L’heure n’est plus à la tolérance silencieuse au sein du ministère de la Justice. Dans une circulaire transmise à la Procureure générale près le Tribunal criminel spécial (TCS) ainsi qu’à tous les procureurs généraux près les cours d’appel du pays, Jean de Dieu Momo, ministre délégué à la Justice, tire la sonnette d’alarme. L’objet est explicite : « Manquements observés ». Le ton, lui, est sans équivoque.« Mon attention a été à maintes reprises appelée relativement à des procédures pénales sur des cas récurrents », écrit le ministre dans le document dont nous avons eu copie.
Il égrène une liste de dysfonctionnements particulièrement graves.
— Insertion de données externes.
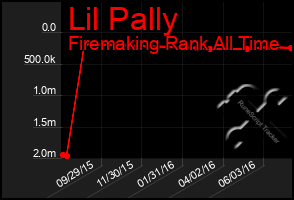 Total Graph of Lil Pally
Il s’agit notamment de décisions sur la culpabilité « motivée » uniquement par la non-comparution des personnes poursuivies, de réquisitions sur la culpabilité et sur la peine muettes sur les moyens de preuve et sur le quantum de la peine, de peines d’une légèreté blâmable concernant des faits d’une certaine gravité, ou encore de peines d’une sévérité excessive.
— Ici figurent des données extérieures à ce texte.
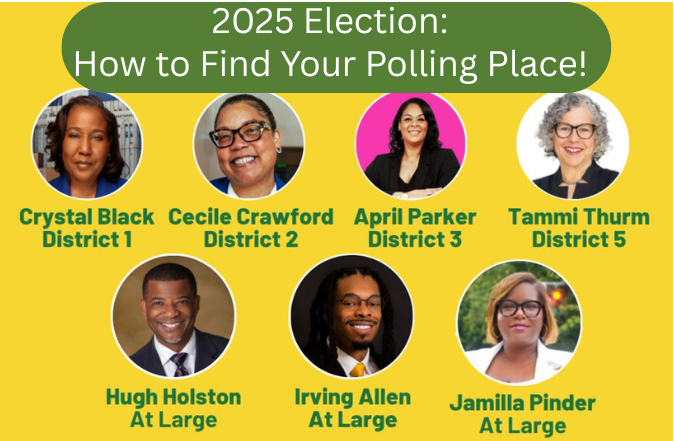 Greensboro NC 2025 City Election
Un constat glaçant qui, selon le ministre, « semble suggérer une démobilisation de certains personnels judiciaires ». Le mal est donc profond, et la réponse, ferme. Face à ce relâchement jugé inacceptable, Jean de Dieu Momo exige des chefs de parquet une reprise en main immédiate de leurs équipes.
Il prescrit des lignes directrices strictes pour encadrer désormais les pratiques. Il leur enjoint, dans les réquisitions sur la culpabilité et sur la peine, de se prononcer explicitement et au besoin par écrit sur les moyens de preuve et sur le quantum de la peine. Il leur demande aussi de s’abstenir désormais de se limiter à requérir « l’application de la loi ».
Il leur ordonne de faire systématiquement appel ou pourvoi de tout jugement ou arrêt prononçant des peines d’une légèreté blâmable ou d’une sévérité excessive, surtout lorsque ces décisions concluent à la culpabilité uniquement en raison de la non-comparution des personnes poursuivies.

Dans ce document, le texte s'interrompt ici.